Updated 03 December 2020
If you’re an entrepreneur starting up a new business, you want to make sure it keeps going. Eight out of 10 startups fail within two years, according to Bloomberg, so how can yours be in the successful 20 per cent? The secret is to prepare your business for the challenges that will come during those vulnerable early years.
Here are our best tips for business owners who want to strengthen a fledgling startup.
If you’re founding the business with someone else, make sure they are the perfect fit both for you and the business. Don’t allow yourself to be biased towards a friend or a relative. Yes, it’s important that you get along, but a small amount of personal friction is better than having someone who isn’t up to the job. Remember, you are trusting this person with your livelihood.
Select business partners who bring something to the table that you don’t. Avoid people who have exactly the same skills as you and who think the same way. Diversity is strength.
Think about all the risks that could cause your business major problems in its formative years. For example:
There may be other serious risks that spring to mind, depending on the nature of your business. Make a list of them all, rank them in order of seriousness, and then create an action plan for how you’d deal with (or prevent) each one. Here you can find out how to create a disaster recovery plan.
Risk management is about more than just reducing risks – it’s about knowing when to take them too. For instance, it may be a risk to take on a big new client, but the rewards could be huge if you get it right. Again, consider the risks involved in each new opportunity, assess them against the likely benefits, and make your judgements accordingly.
A rich network of business contacts is essential for any startup. Develop and nurture professional relationships that will help you keep abreast of the current market, monitor the competition and find opportunities. Tireless networkers put themselves at an immediate advantage – you never know who might be your next potential client, supplier, partner or advocate.
Networking with the bosses of other startups is also a great advantage – you can learn from their experiences, tap into their existing networks and offer mutual support (so long as they’re not a competitor).
Online platforms such as LinkedIn and Shapr are good ways to manage your network, but don’t rely on them exclusively for building it. There is no substitute for meeting someone in person, so attend relevant seminars, festivals and other events and be as outgoing as you can. Avoid being pushy early on – the first step is just to gain their interest and respect.
The answer to the question ‘When should I hire staff?’ is usually, ‘When you have no alternative!’ Staff represent one of the most costly business overheads, so the moment to hire your first employee is when you already feel as if you’re doing the work of two people.
The same usually applies to subsequent hires: you should wait until your workforce is stretching its capacity before investing in a new team member. The exception might be when you need to bring in additional skills or branch out into new areas of expertise. Even then, make sure you have a strong commercial case before setting off in a new direction, as it may be some time before it justifies the investment. Find out how to be a good employer.

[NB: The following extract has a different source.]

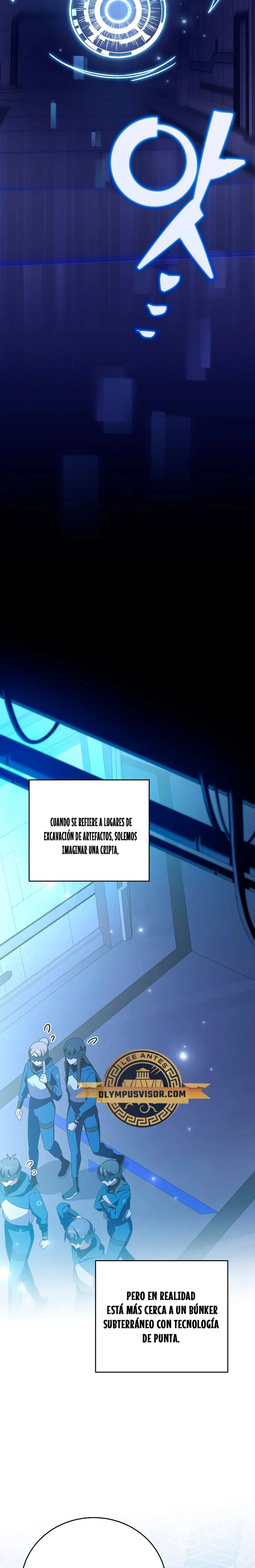 EL extra de la novela (remake) Capítulo 92 en Línea - página 12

You will be probably want to grow your business as fast as possible – but the key word here is ‘possible’. Your small business may struggle if you try to take contracts that are too big in the early stages, or take on too many clients. The consequences of biting off more than you can chew include:
When going for growth, build your targets into your business plan including what will be needed to achieve each step in terms of staff, funding, logistics etc. To get a better idea of this, look at similar startups and investigate:
If you do come across a huge opportunity that is too good to pass up, then consider the risk in advance and plan for them as thoroughly as you can. Don’t just go for it and hope.
Marketing is the tool you use to reach out to your customers. Don’t expect people to just show up and buy from you, and don’t trust to word-of-mouth (which in the digital age is nowhere near as powerful as it used to be). Remember those 80 per cent of small businesses that fail in their first two years. It’s not long to make a name for yourself, so it’s at the start that you need to shout loudest of all.

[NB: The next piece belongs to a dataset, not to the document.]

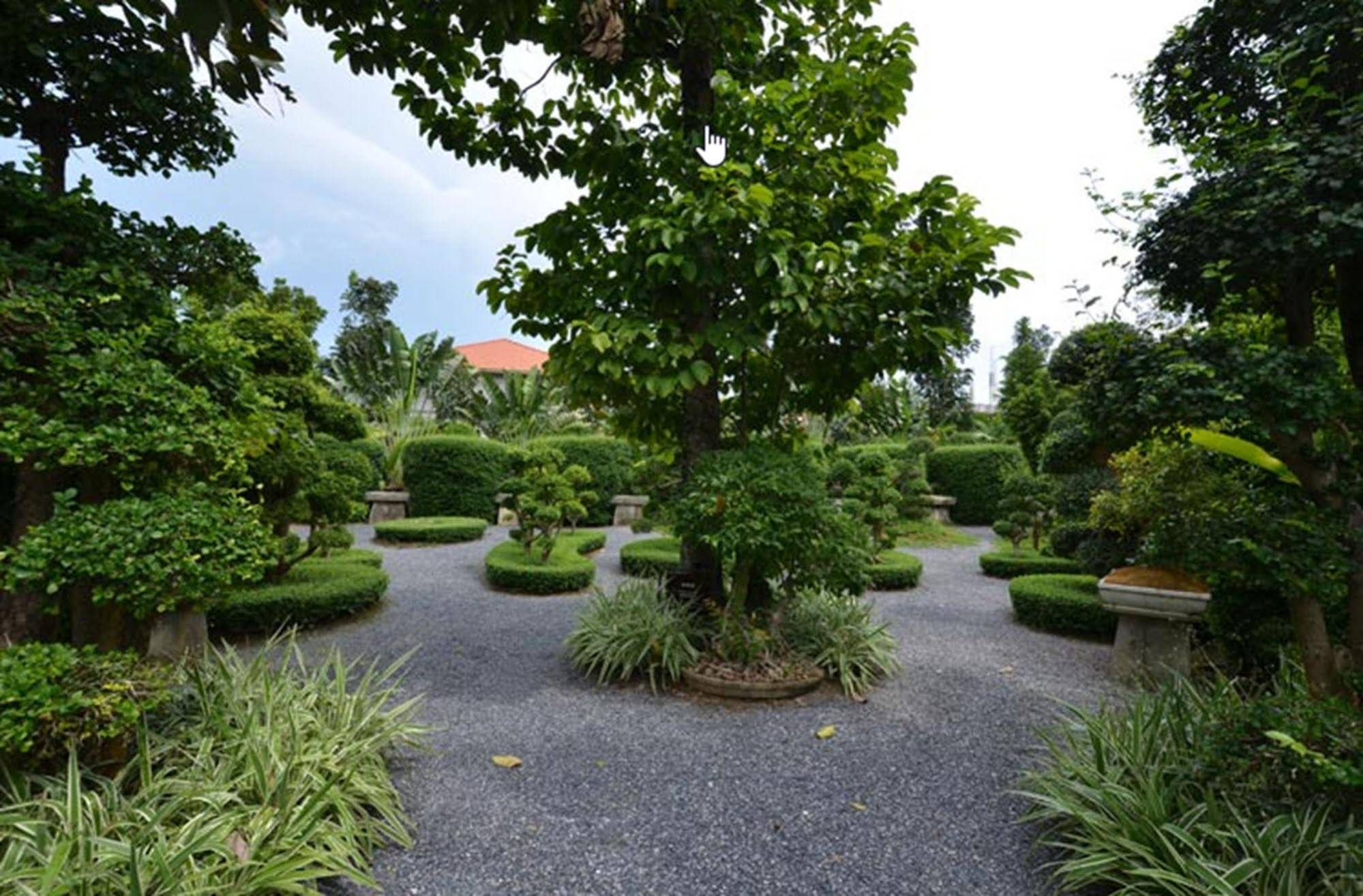 Phuket Botanic Resort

Find out how to build your marketing strategy.
Whatever money is needed, add a further 25 percent to cover any additional costs. These unforeseen costs might include insurance, tax bills, repairs and any extra equipment you need.
Track your spending. Keep a budget spreadsheet and record all your income, outgoings and any debts accumulated. This will come in use later down the line when you’re budgeting for a new project, or putting together a pitch or business proposal, for example. Unless your business is very small, an accountant is usually a must.
One of the trickiest things to get right can be managing your cash flow. It’s easy to confuse your total assets with the amount of ready cash you have available right now, and find yourself with unpayable bills despite otherwise healthy finances. Remember, cash is king.
Sooner or later, you will make mistakes and you will try something and fail. What matters is how you respond to that and come back from it. Remember that the most successful entrepreneurs have experienced failure – try to do what they did, and learn your lessons from it.
Never let yourself get in a position where a failure could mean disaster. Failure is always an option, so plan to deal with it in advance. Build in plan Bs and plan Cs into your business plan, so you can change tack with no loss of momentum. And like a canny investor, never stake more than you can afford to lose.
When mistakes happen, hold debriefings with your team to figure out what went wrong. Don’t use these to apportion blame, but to learn lessons for the future. Usually you’ll find something positive to take away too.
Sometimes a setback will identify a weakness in your business model or plan. Take the opportunity to make improvements and the experience will prove a valuable one.